Wednesday: 5 mile hill/tempo run (58:03; 11:05/mile)

I had only planned to run 3 miles of hill repeats but when that was over, I didn’t want to stop running. I felt great and the weather was perfect – cloudy, cool, slight breeze. And since I was supposed to run 5 the next day anyway, I just decided to go for it while I was feeling good. I ended up having to change my clothes in the car while driving to women’s group but it was still the right call. 😉

For the hill workout, I did a 1 mile out and back warmup. The hill I ran is about .65 of a mile long with a gain of 250 feet. It kills me on the bike and on my feet.

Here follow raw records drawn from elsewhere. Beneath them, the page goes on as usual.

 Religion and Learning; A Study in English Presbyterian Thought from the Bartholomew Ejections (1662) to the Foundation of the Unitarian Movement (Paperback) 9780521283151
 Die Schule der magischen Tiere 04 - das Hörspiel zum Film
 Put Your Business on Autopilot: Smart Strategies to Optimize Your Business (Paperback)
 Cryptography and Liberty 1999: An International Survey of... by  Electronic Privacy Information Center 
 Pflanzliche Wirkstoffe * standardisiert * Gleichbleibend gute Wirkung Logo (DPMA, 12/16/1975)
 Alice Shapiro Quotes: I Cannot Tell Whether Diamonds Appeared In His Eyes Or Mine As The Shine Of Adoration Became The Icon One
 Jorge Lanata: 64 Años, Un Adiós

For my first time up the hill, I ran hard for 15 sec and walked for 30, repeated until the top, and ran back down. The second time up, I ran hard for increasing increments: 10 sec hard, 20 sec rest, 15 sec hard, 20 sec rest, 20 sec hard, 30 sec rest. Repeated until I got to the top and ran back down.

Splits were a little off because I was using my Poor Man’s GPS again:
Mile 1 – 10:41
Mile 1.96 – 11:35
Mile 2.56 – 8:16
Mile 3.21 – 5:54
Mile 4.23 – 10:31
Mile 5.23 – 11:06

My legs were pretty tired by the end of the 5 miles but this was an awesome run.

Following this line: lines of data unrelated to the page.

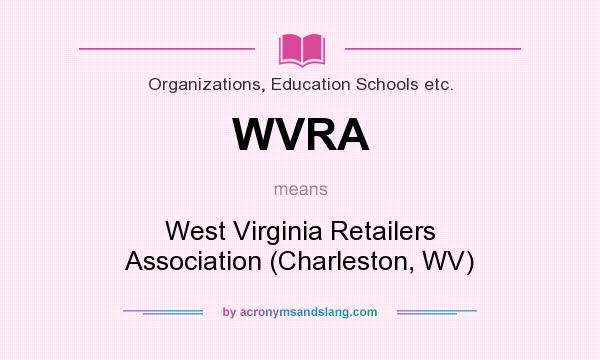 What does WVRA mean? It stands for West Virginia Retailers Association (Charleston, WV)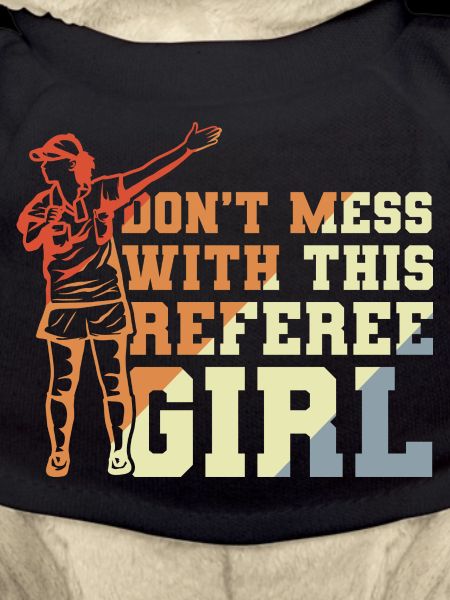Don't Mess With This Referee Girl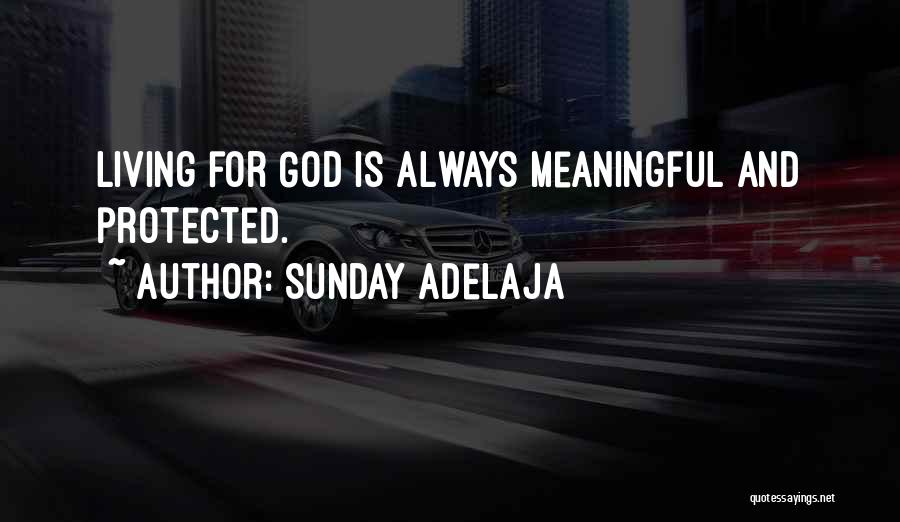 Sunday Adelaja Quotes: Living For God Is Always Meaningful And Protected.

Thursday: 3.24 mile easy-ish run (35:25; 10:56/mile) + Self strength workout

Friday: Rest

Saturday: 9.93 mile long run (1:49:43; 11:02/mile)

Another awesome run!

Sunday: 20 minute walk with pooches + 4.5 hours of cleaning (2 of which were spent washing windows)

I decided that getting my house in order before leaving town on Thursday and being able to see out my windows was more important than doing cross training. And my right arm is now way more defined than my left from all that scrubbing.

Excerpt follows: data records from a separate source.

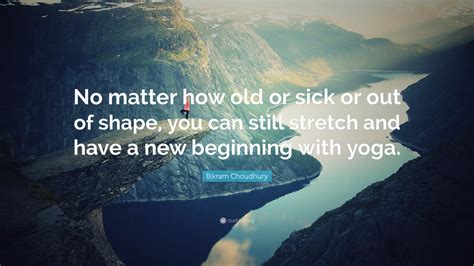 Bikram Choudhury Quote “no Matter How Old Or Sick Or Out Of Shape You Can Still Stretch And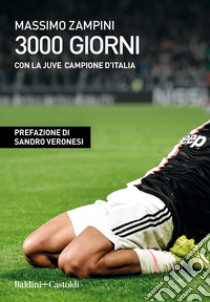 3000 giorni con la Juve campione d'Italia libro di Zampini Massimo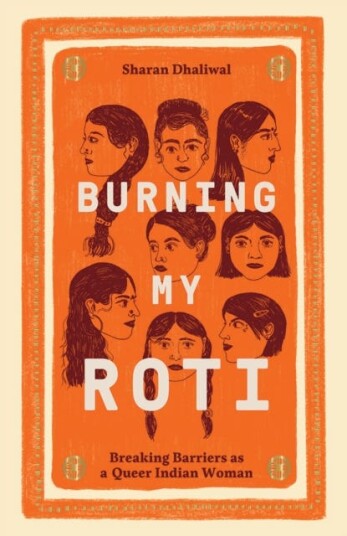 Burning My Roti Av Sharan Dhaliwal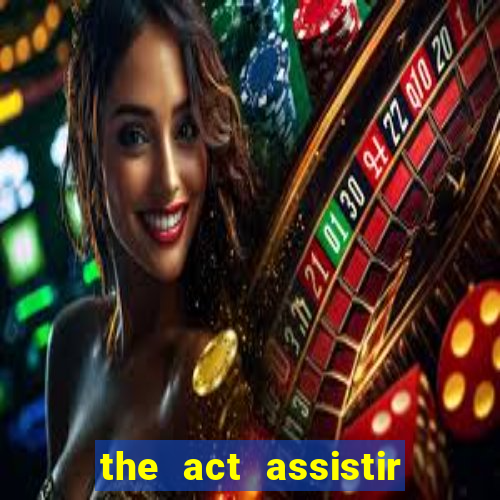 the act assistir online pobreflix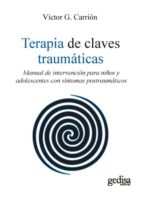 Terapia de claves traumáticas. Manual de intervención para niños y adolescentes con síntomas postraumáticos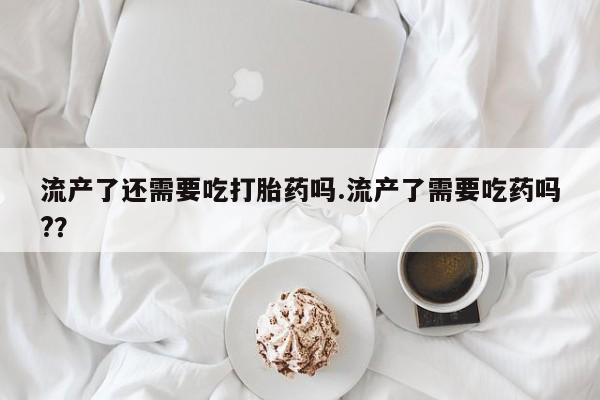米非米索微信流产了还需要吃打胎药吗.流产了需要吃药吗?？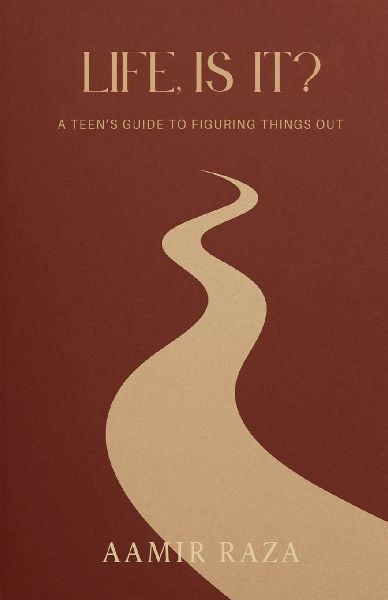 Life, Is It?: A Teen's Guide to Figuring Things Out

Total Running Miles: 21.44 (first time over 20 in this training cycle!)

{Side note: It may sound like I was getting all ambitious by washing our windows but the truth is: I haven’t done this since we moved in. And the majority of our windows have been replaced since then, meaning I had never washed them. It was a little overdue. Kind of like cleaning my oven. Next up: cleaning our carpet. It is DISGUSTING (and really just needs to be replaced, but we’re going to do that right before we try to sell because I know that our dogs – and maybe me – will ruin it between now and then. I just spilled my Mike’s on it the other night and created a nice big stain. Sweet.}

……………………………

I can’t help but point out the difference in how my legs feel between my training recap a couple of weeks ago and this week’s. That recap, every run was accompanied by “My legs feel like crap.” This recap, every run was accompanied by “My legs feel awesome! Running is awesome! I heart marathon training!” I’m not so naive as to think I won’t encounter some discouraging twinges, cramps, and pangs in future runs, but my mindset is the same as how I’ve approaching this warm weather – I won’t make myself enjoy it less just because it might still snow. I’m going to live it up in the moment and if it snows, it snows.

Although, I would like to point out that this is the last week of March and it still hasn’t snowed. And if this weather forecast doesn’t say BOOYAH to all the warm-weather naysayers, then I don’t know what does:

Yes, I am very ready for summer.

 Are you ready for summer? What’s your favorite season? In Colorado, my favorite season is spring. There are no puddles or nasty snow to deal with, it’s warm but not hot, and best of all, it’s the season of tulips, Easter, and Russian Olive trees. I told Travis that I’m going to work remotely from a Russian Olive tree once they bloom. Seriously, the best smell in the world.

Back to My Long Run Roots

25 Mar

I woke up this morning at 7 am without an alarm clock, feeling well-rested and ready for the day. I love it when that happens! But I know it’s no stroke of luck – it’s the natural outcome of going to bed at a decent time. I finally feel back on track after a few weeks of hitting the snooze at least ten times every morning with the excuse, “I’m soooo tired.” Early bedtimes are where it’s at.

Yesterday, I did my first double digit long run for my official marathon training – 10 miles. I still feel like mixing things up and not just running my same old trail so for this run, I drove up to Boulder. The loop I ran was almost identical to the longest training run I did for my first half marathon – I adjusted it a bit since I wouldn’t be running to and from our old apartment (though I did still run by it).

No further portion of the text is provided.